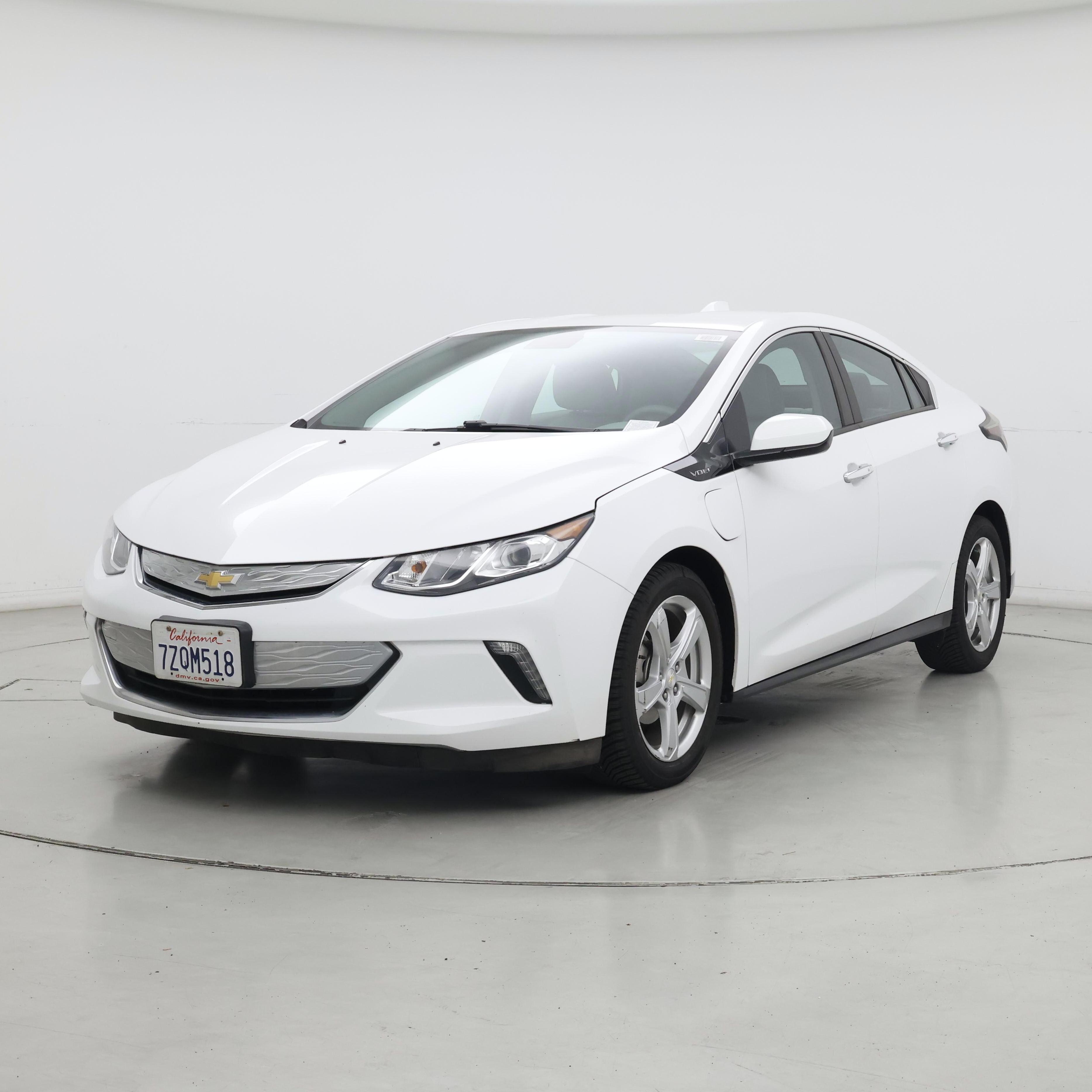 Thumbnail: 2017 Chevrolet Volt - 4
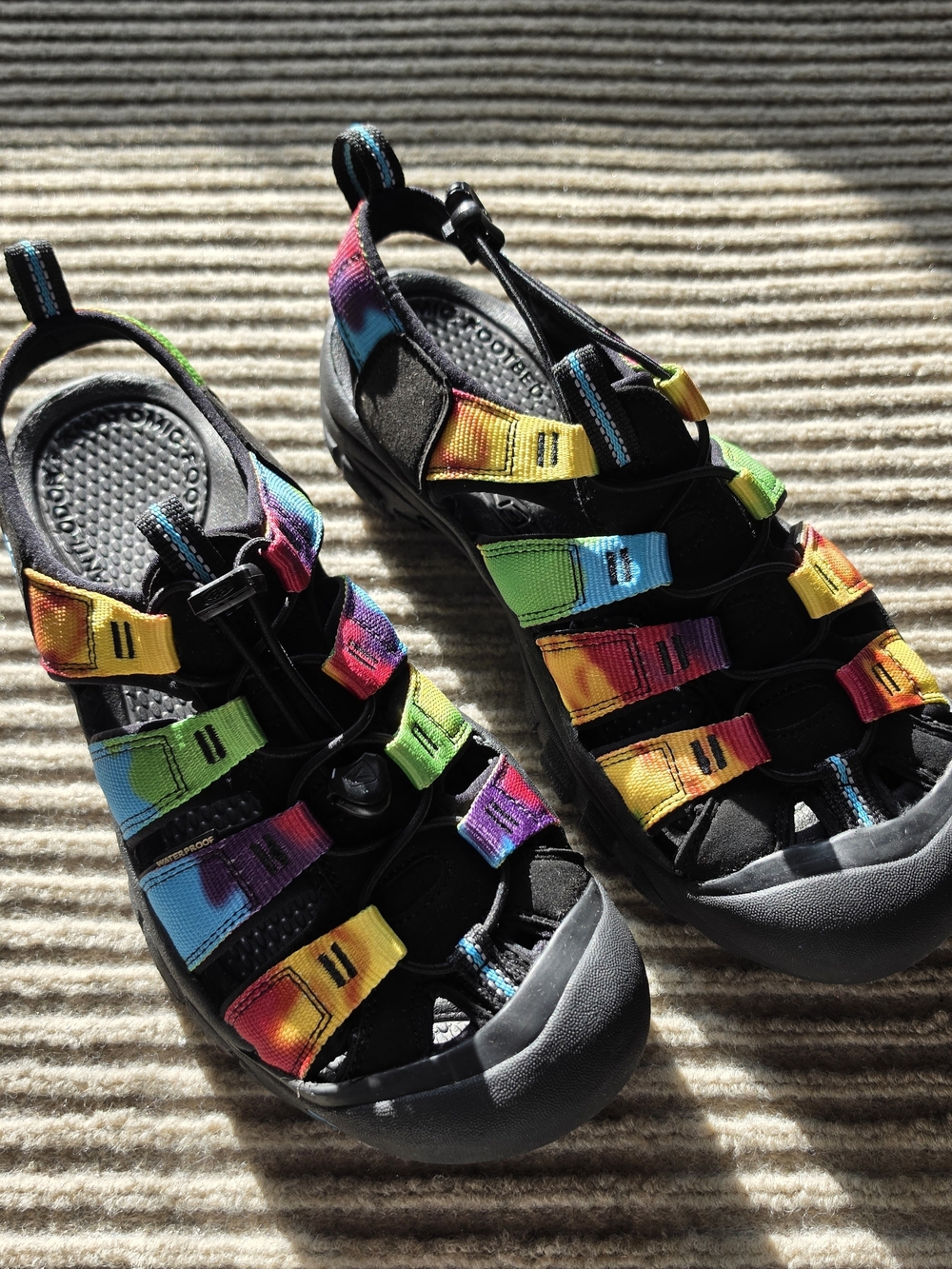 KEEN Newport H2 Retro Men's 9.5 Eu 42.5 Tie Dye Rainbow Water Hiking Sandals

_____

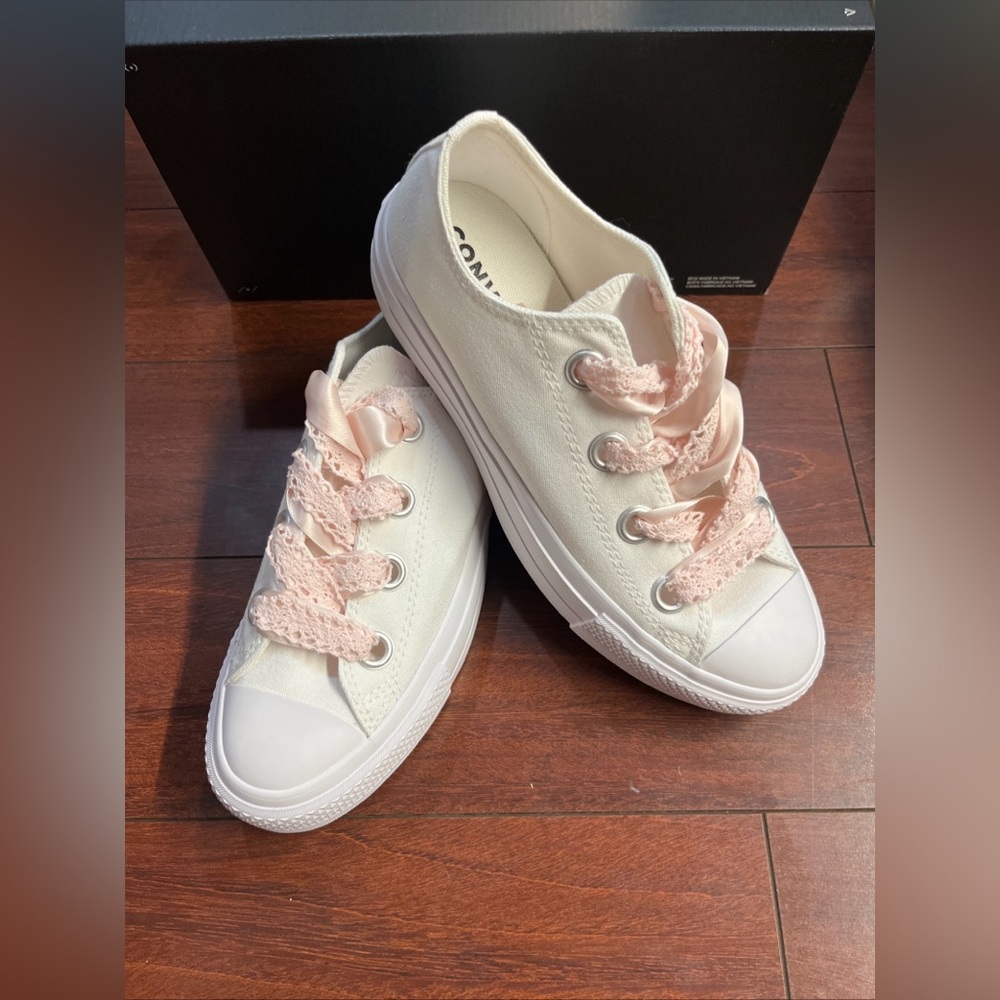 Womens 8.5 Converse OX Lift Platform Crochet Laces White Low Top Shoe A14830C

_____

_THE TASK_
Write down exactly what the lines above say, from the line holding "Thumbnail: 2017 Chevrolet Volt - 4" through the line holding "KEEN Newport H2", and nothing more. Do not copy the pictures.

_SOLUTION_
 Thumbnail: 2017 Chevrolet Volt - 4
 KEEN Newport H2 Retro Men's 9.5 Eu 42.5 Tie Dye Rainbow Water Hiking Sandals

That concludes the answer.